The 1st is a production issue, fixable by swapping out the battery. The 2nd is a design issue, NOT fixable without re-doing the circuit board.
You can mitigate '2' by keeping your unused phone on the charger all of the time.
The reason it happens has to do with the chemistry of an LiPo battery. If you discharge it too much, the polymer breaks down and releases hydrogen.
LiPo batteries can self-discharge, so don't expect a charge to last more than a couple of month because of that. Additionally, if there is undervolt protection circuitry in the phone, it will draw a small amount of curent regardless of the state of the internal protection switch.
I recently designed such a circuit for a system where the entire circuit board + battery is potted in plastic, meaning you can't change the battery [it's waterproof though]. the batteries were having swelling problems. This was generically solved by an EXTREMELY low current battery undervolt cutout circuit, which draws only 10 microamps [or so] in the 'cutoff' state.
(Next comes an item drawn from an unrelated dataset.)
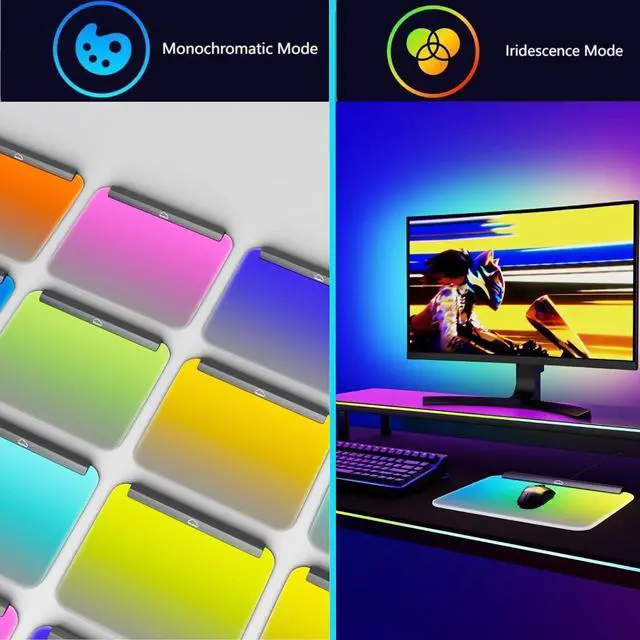 Alt view image 6 of 6 - Illuminated Gaming Mouse Mat, Fully Illuminated RGB Gaming Mouse Pad, LED Gaming Pad for Mouse and Keyboard, Chasing Light Mouse Pad, Detachable USB Cable, 18pcs Lights, 14 * 12inches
It leverages a few other things to limit the current and the number of components.
/me takes a bow for the miraculous electronics engineering, a truly 'clever' hack, heh.
In the mean time, you STILL get trickle discharging of the LiPo, but you also get self-discharging. 10 microamps is about what a typical self-discharge is, and you can generally leave a LiPo on a shelf and let it self-discharge and not have it swell up like a pillow, even it it reaches zero volts. [it may still happen but from what I can tell, it's much much less frequent].
On the other hand, if you draw as little as 100 microamps from one of the smaller batteries [it may be more for a larger one], they tend to swell up like pillows once discharged down to 0V, and will do so within a month of being discharged, more often than not. So you can't just set it on a shelf unless your undervolt protection totally cuts off the battery [or gets trickle current down to about 10 microamps].
I've got on battery I've fully discharged at the ~10 microamp rate, and then re-charged, a few times. It's lasted for MONTHS this way, no apparent ill effects. It's as flat as a pancake, like it's supposed to be.
So I'd say Apple's problem is PROBABLY on the circuit board, and retro-fixing that is basically impossible, unless they can wire in an undervolt circuit between the battery and the circuit board somehow. Good luck fitting it in the case. I bet it's really *tight* in there.